El teniente Giovanni Drogo es destinado a la Fortaleza Bastiani, situada en la frontera con los tártaros, cuya llegada es una esperanza para los que se encuentran en su interior, aunque nunca se perciba como algo probable: “su fortuna, la aventura, la hora milagrosa que al menos una vez toca a cada uno.
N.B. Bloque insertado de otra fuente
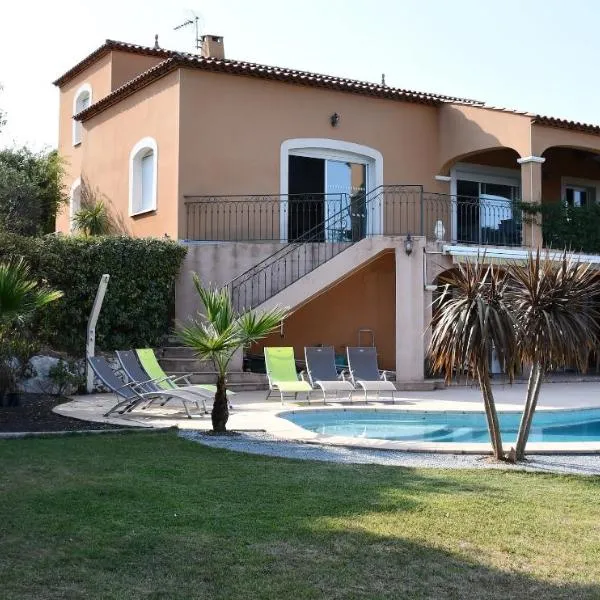 Villa F5-Wifi-piscine Saint Gely du Fesc, hotel em Saint-Gély-du-Fesc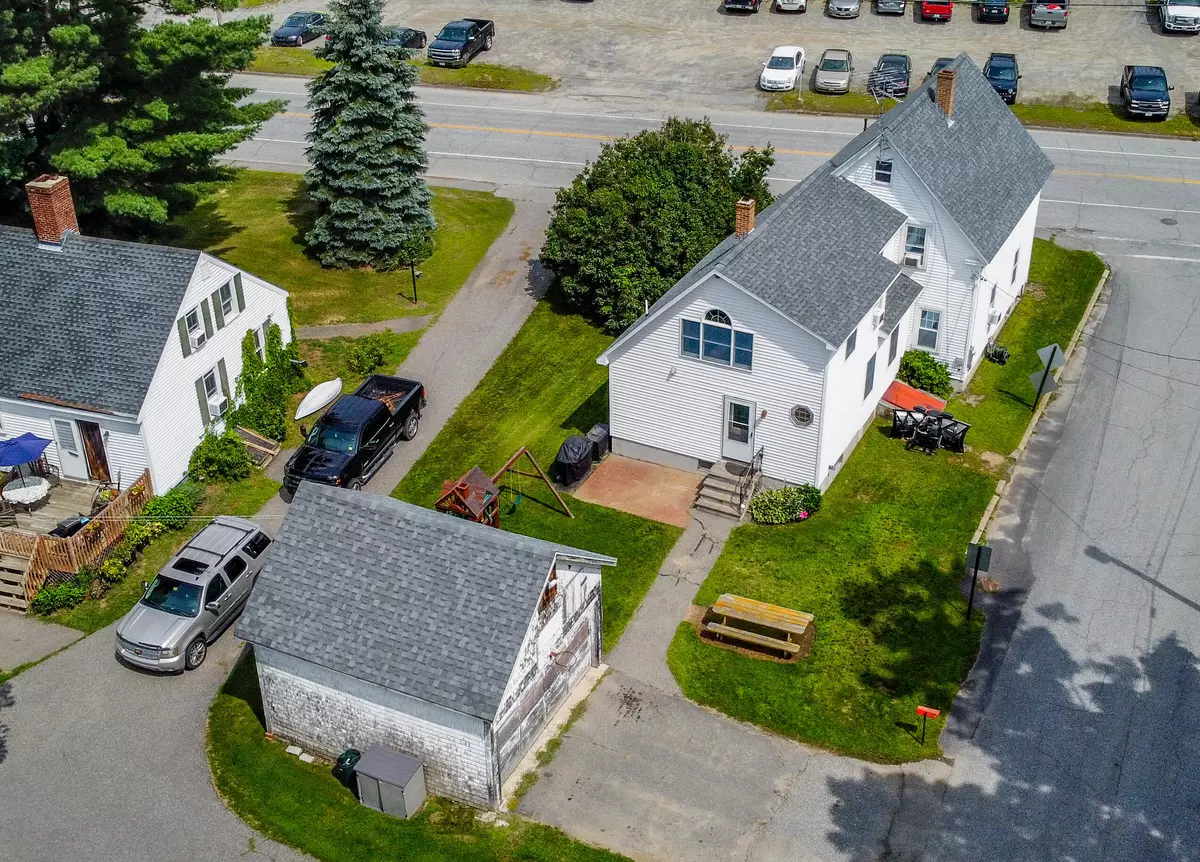 Gardiner, ME 04345,667 River AVE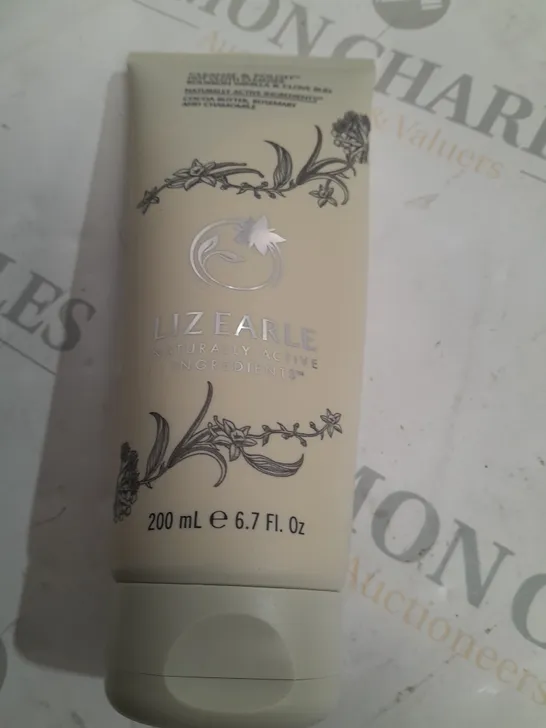 LIZ EARLE BOURBON VANILLA AND CLOVE BUD CREAM - 200ML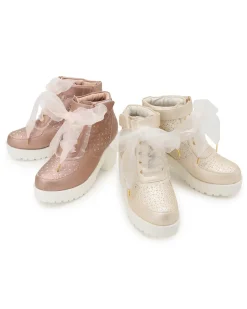 Footwear>LIZ LISA Heart Cut-Out Sneakers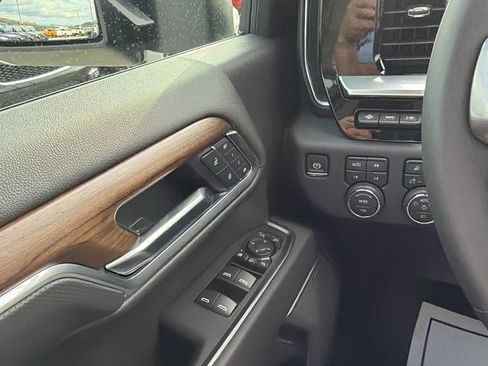 Used 2025 Chevrolet Silverado 2500 High Country w/ Technology Package image 19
Por esa posibilidad vaga, que parecía volverse cada vez más incierta con el tiempo, hombres hechos y derechos consumían allá arriba la mejor parte de su vida. (…) Unos al lado de otros vivían con idéntica esperanza, sin decir nunca una palabra de ella, porque no se daban cuenta o simplemente porque eran soldados, con el celoso pudor de la propia alma”.

Pronto será también la esperanza de Giovanni, especialmente ligada al tiempo, que de niño parece infinito; durante la juventud transcurre también con una cierta lentitud, sin que notemos su marcha; pero llega un día en el que “el sol ya no parece inmóvil sino que se desplaza rápidamente, ¡ay!, casi no da tiempo a mirarlo y ya se precipita hacia el limite del horizonte”, justo por donde se espera la llegada de los tártaros que de sentido a sus vidas.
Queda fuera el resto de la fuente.